Page 27 of Stolen to Be Mine


Font Size:

Her fingers checked the IV line, movements efficient, practiced. Nurse. The assessment came automatic. Medical training. Years of it visible in how she positioned herself, how she found pulse points without looking.

How she’d put me back together.

My attention tracked her across the small space. Kitchen area. Window, still covered. Door, still closed. She swayed, caught herself on the counter edge.

Exhaustion.

The observation came clinical, detached. But something underneath twisted wrong. Made my lungs tight.

Why do I care if she’s tired?

Didn’t know. Couldn’t stop noticing anyway.

She moved to the makeshift supply area, bags piled on the floor, medical equipment spread across surfaces meant for cooking. Her coordination was off. Movements clumsy.

Busy work. Keeping herself upright through motion.

I knew that pattern. Recognized it.

From where?

No answer. Just the certainty that I’d seen people push past exhaustion before. Seen them sway and catch themselves and keep moving anyway because stopping meant something worse.

My fists clenched in the blankets. The need to get up, to, what? Help her? I couldn’t even speak. Couldn’t explain. Couldn’t do anything but lie here and watch her wear herself into the ground keeping me alive.

Useless.

Bitter. True.

She turned toward the window, stumbled. Her palm hit the wall, steadying herself. Stood there inhaling harder than walking three steps should require.

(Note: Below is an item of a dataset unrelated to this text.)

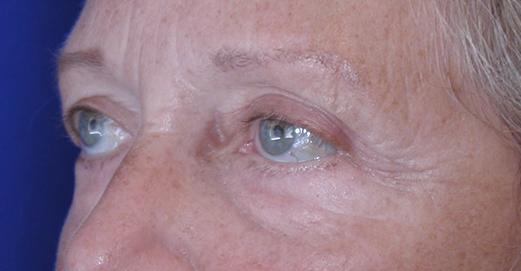 Main Photo Gallery, Case 6731, After Treatment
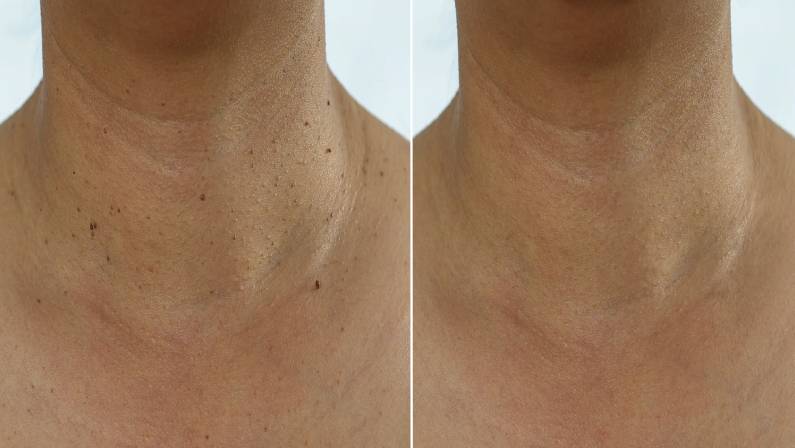 Compare skin tags removal before and after treatment concept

My body tensed. Defensive response I couldn’t control, muscles coiling under blankets despite the screaming protests from my side and shoulder.

Move. Get to her before,

Before what?

She pushed off the wall. Made it two steps toward the bed.

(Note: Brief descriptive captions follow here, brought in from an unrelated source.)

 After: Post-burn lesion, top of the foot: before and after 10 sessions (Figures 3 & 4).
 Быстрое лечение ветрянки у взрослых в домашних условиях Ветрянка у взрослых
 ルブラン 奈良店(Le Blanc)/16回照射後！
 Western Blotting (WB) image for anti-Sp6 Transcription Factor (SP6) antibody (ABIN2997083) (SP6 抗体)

I saw it happen before she did.

The way her knees went loose. The tilt of her body, center of gravity shifting wrong. Her focus vanishing, consciousness flickering.

Falling.

My body moved.

Threw off blankets, cold hit bare skin sharp as knives. Ignored it. Swung legs off the bed, side screamed, shoulder seized, head exploded bright. Ignored that too. Lunged forward, reaching for her even as my vision grayed, even as something tore open across my torso.

Not fast enough.

She went down hard, crumpling, her temple catching the corner of the table on the way. Sharp thump on wood. Her body hit the floor and stayed there, one arm stretched toward the medical supplies as though she’d been trying to reach them even while falling.

Trying to help me. Even unconscious, still trying to reach the things that would keep me alive.

I dragged myself forward. Side grinding, something wet spreading across the bandages. Didn’t matter. Kept moving, using my good arm, pulling my body across freezing floor.

Every inch was agony. The cold bit into exposed skin, the shock of it stealing air. My shoulder screamed. Head pounded so hard I couldn’t see straight. Something warm dripped down my face, the head wound reopening, blood in my vision.